New high-speed flash memory may take over current flash technology

Solid-state memory is already a critical piece of technology as the demand for high-speed storage increases in computing and personal electronics to commercial grade and high-end products. Solid-state memory offers not only faster operations but also lower power requirements compared to current hard disk drives which contain mechanical parts and require more power to perform read and write activities.

Advancements in solid-state memory technology have brought us from the old days of the ROM technology to recent advances in NOR and NAND flash memory used in the most common personal media devices. So what's next for solid-state, non-volatile memory?

Intel and STMicroelectronics recently announced the delivery of the first Phase Change Memory prototypes (PCM) to customers for preliminary testing of this new technology. PCM is a type of memory similar to RAM which also includes the non-volatile characteristics of current flash memory technology. PCM has the ability to read and write data much faster while requiring less power to perform these operations.

The joint development program between Intel and STMicroelectronics has come up with this prototype PCM product codenamed Alverstone, a 128Mbit device manufactured using a 90nm process, which is aimed to take on current flash memory technologies such as NOR and NAND flash memory -- commonly used in USB thumb drives.

It's no surprise that current flash memory technology degrades over a certain amount of operations performed. Current NOR and NAND flash memory can usually withstand 100,000 and 1,000,000 cycles respectively before the media begins to degrade. But memory products using PCM technology have a much higher endurance with a tolerance of about 100 million cycles before the effects of degradation become evident.
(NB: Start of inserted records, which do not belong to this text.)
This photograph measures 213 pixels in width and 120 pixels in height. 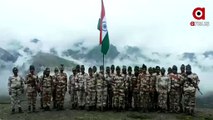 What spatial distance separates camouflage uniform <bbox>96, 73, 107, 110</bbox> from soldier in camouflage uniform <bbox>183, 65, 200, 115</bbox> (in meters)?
4.04

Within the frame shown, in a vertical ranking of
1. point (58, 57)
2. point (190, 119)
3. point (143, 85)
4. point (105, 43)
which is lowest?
point (190, 119)

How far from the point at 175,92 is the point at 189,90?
73cm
One of the main downfalls of PCM is that degradation occurs under high temperatures which can cause data loss due to the way the technology writes to the contained cells, however, Intel and STMicroelectronics may be able to find a way to overcome the hurdle.
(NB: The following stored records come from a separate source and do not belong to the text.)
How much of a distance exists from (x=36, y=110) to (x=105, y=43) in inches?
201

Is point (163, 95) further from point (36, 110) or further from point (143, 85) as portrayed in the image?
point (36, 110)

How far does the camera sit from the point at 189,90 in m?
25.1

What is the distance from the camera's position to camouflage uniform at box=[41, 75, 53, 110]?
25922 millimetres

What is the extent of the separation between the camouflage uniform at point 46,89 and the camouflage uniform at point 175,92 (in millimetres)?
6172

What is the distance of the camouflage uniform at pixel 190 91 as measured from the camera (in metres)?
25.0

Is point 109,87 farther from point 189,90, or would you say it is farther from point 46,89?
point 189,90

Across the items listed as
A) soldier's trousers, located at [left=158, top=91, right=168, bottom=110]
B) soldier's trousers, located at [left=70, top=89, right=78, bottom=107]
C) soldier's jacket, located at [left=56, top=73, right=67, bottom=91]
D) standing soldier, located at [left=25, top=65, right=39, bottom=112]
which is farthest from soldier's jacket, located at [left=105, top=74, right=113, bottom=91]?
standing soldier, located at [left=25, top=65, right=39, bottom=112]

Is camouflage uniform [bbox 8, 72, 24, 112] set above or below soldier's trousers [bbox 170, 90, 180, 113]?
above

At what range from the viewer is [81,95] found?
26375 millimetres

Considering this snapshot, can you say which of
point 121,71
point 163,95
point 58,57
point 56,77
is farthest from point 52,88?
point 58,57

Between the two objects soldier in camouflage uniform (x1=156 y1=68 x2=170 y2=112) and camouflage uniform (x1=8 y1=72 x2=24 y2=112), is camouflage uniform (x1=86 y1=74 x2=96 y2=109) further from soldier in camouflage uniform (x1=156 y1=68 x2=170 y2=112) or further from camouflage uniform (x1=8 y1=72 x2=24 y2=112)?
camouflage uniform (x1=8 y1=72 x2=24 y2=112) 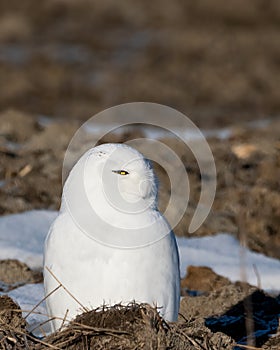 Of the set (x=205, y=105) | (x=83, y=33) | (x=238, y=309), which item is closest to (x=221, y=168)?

Current prototypes of Alverstone have shipped to customers such as cellular phone manufacturers and media device developers to test the implementation of such memory products in their devices. If they like what they see we may see the improved memory architecture in products soon.

Intel isn't putting all of its solid-state research into one technology.  Last week the company announce it provided funding to Nanochip, Inc., a startup company that is taking solid-state memory to a new level in capacity. Nanochip is working on a storage technology based on MEMS, or microelectromechanical systems, that is able to squeeze 125GB of storage on a square inch. Nanochip claims this technology scales much better than phase change memory and has a higher tolerance to thermal conditions where PCM can fail.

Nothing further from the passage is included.